First Communities Not Cages Advocacy Day
Tue, Jan 30
|Albany
Together, we'll be convening in Albany with hundreds of formerly incarcerated people, families, and advocates to demand that New York State overhauls our racist and unjust sentencing laws.
Time & Location
Jan 30, 2024, 10:00 AM – 4:00 PM
Albany, State St. and, Washington Ave, Albany, NY 12224, USA
About the event
We're planning a blow-out day with rallies, press conferences, meetings with lawmakers, music, and creative actions - and we need you there! Together, we'll be convening in Albany with hundreds of formerly incarcerated people, families, and advocates to demand that New York State overhauls our racist and unjust sentencing laws.
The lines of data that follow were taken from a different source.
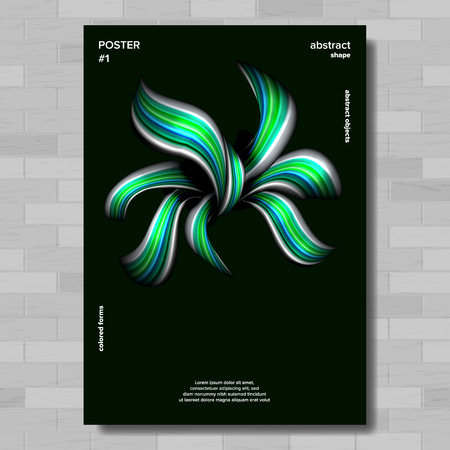 Modern Abstract Cover Poster Vector. Colorful Wave Lines. Flyer, Cover, Brochure Illustrationのイラスト素材
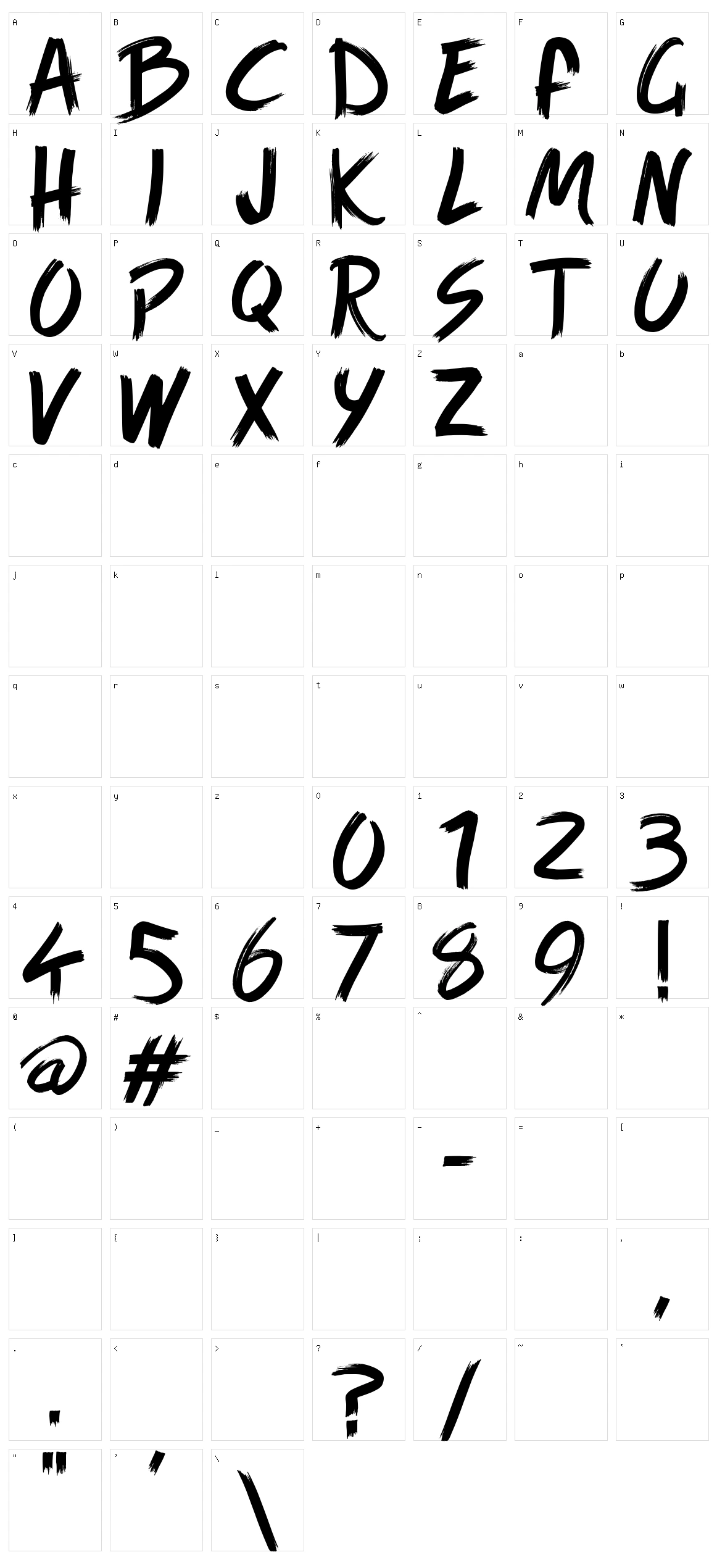 Game of Brush Character Set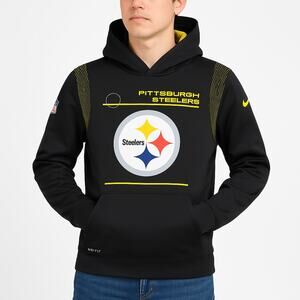 Nike Pittsburgh Steelers Dri-FIT On-Field Hoodie Youth L Black Yellow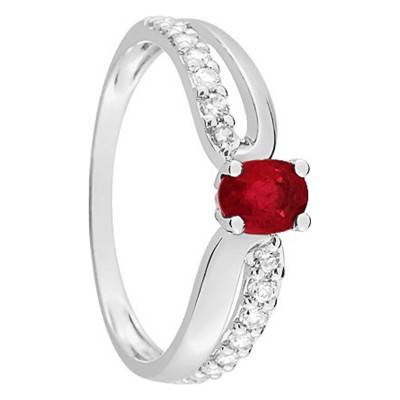 Bague Double Noeud Or Blanc 375, Rubis, Oxydes de Zirconium - Aurora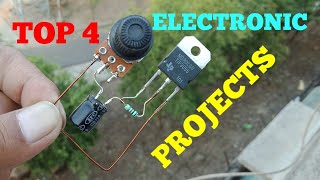 TOP 4 ELECTRONIC PROJECTS USING TRANSISTORS C945, SOLAR PANEL, TRANSISTOR 3055 TIP41C.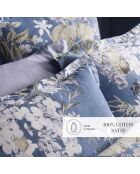 Set aus 2 blauen Hortensien-Kissenbezügen aus Baumwollsatin — 2 x (50 x 70 cm)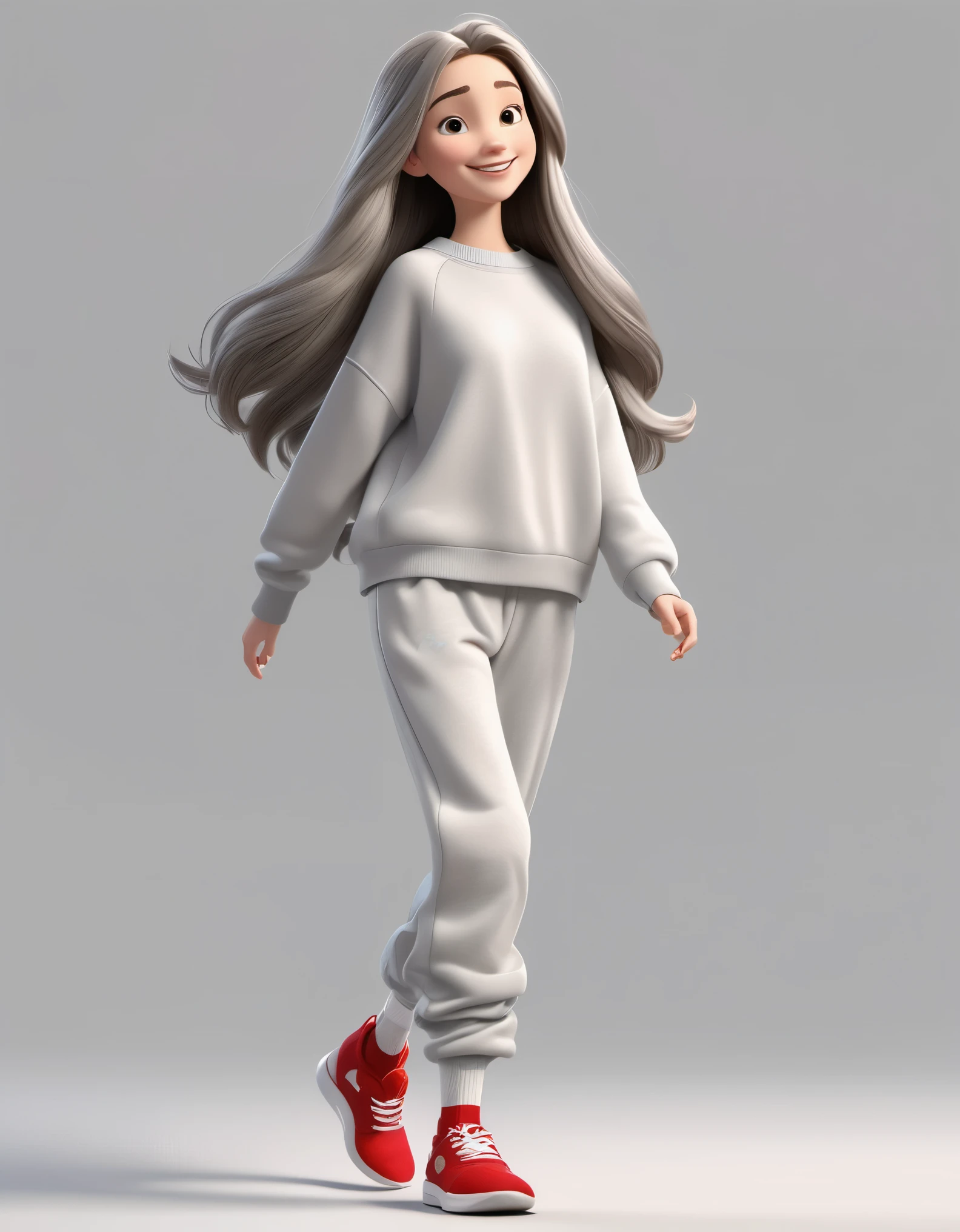 3D character from Disney animation, Pixar style,whole body,Happy girl walking,gray long hair,super long legs,Dynamic stride action,Gray soft simple sweater and very loose sweatpants,white high top shoes,red socks,clean background.cinnamic lighting, ray tracing, high details, 3d render ,Spring outing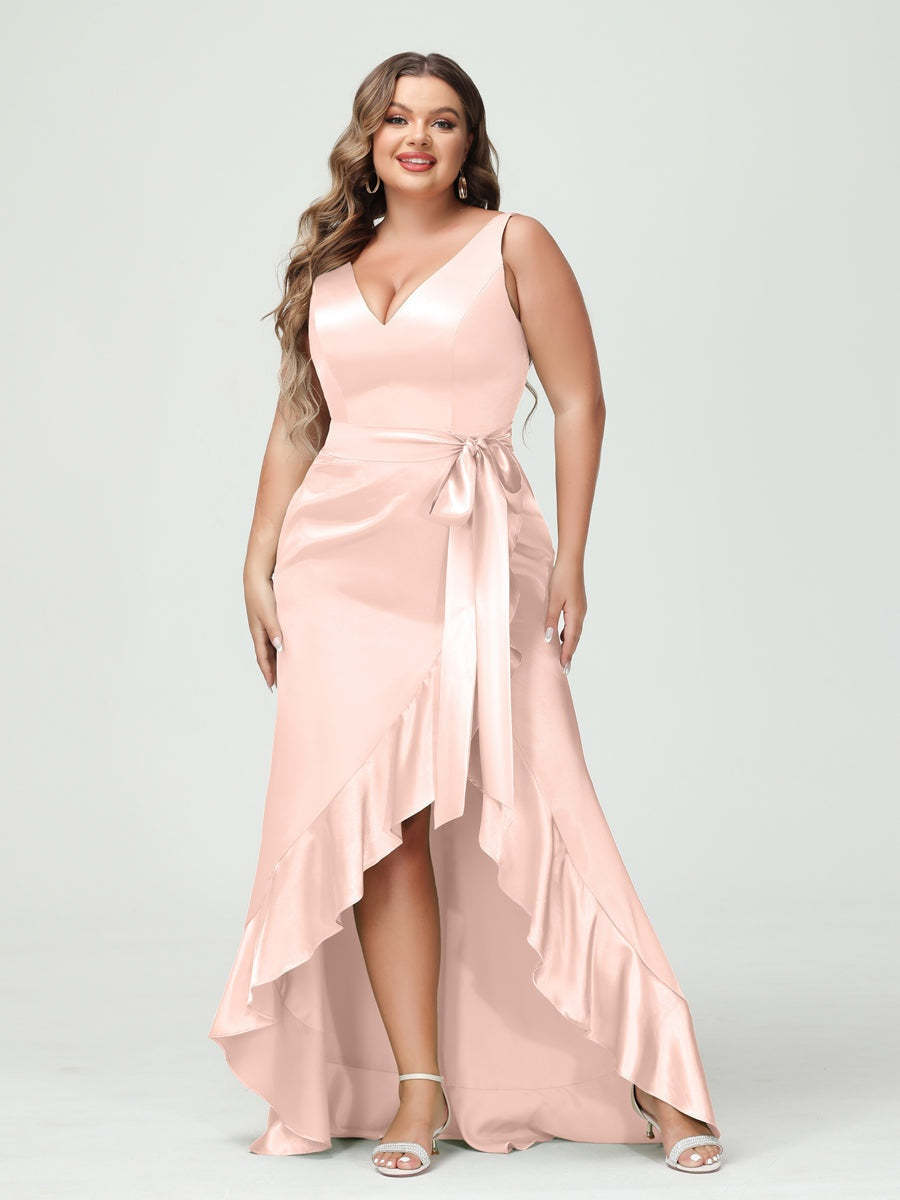 V-Neck Sleeveless High Low Plus Size Dress with Ruffles, Pockets, and Sash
Over the past half-century, New York’s sentencing laws have driven the crisis of mass incarceration, from the 1970’s Rockefeller Drug Laws to the 1990’s “tough on crime” era, which has disproportionately impacted Black and brown communities. Right now, over 30,000 people are incarcerated in New York’s prisons. Nearly 75% are Black or brown.
It is time for New York to reform our unjust and archaic sentencing laws. Under New York’s current law, there is no mechanism for a judge to be able to review or reconsider an excessive sentence. Because of the coercive power of mandatory minimums, 98% of convictions come through guilty plea, not trial, making a mockery of our system of justice. And while other states have modernized their earned time laws to support rehabilitation, New York lags behind.
On January 30th, we'll be pushing for three bills:
- The Second Look Act(S321/A531) would allow judges to review and reconsider excessive sentences. Under current sentencing laws, incarcerated people have no opportunity to demonstrate to a judge that they have transformed while incarcerated or to seek a reconsideration of their sentences based on changes in law and norms.
- The Eliminate Mandatory Minimums Act(S6471/A2036A) would eliminate mandatory minimum sentences, allowing judges to consider the individual factors and mitigating circumstances in a case and addressing the outsize power of prosecutors to coerce plea deals.
- The Earned Time Act(S774/A1128) would strengthen and expand “good time” and “merit time” laws to support rehabilitative efforts in state prisons.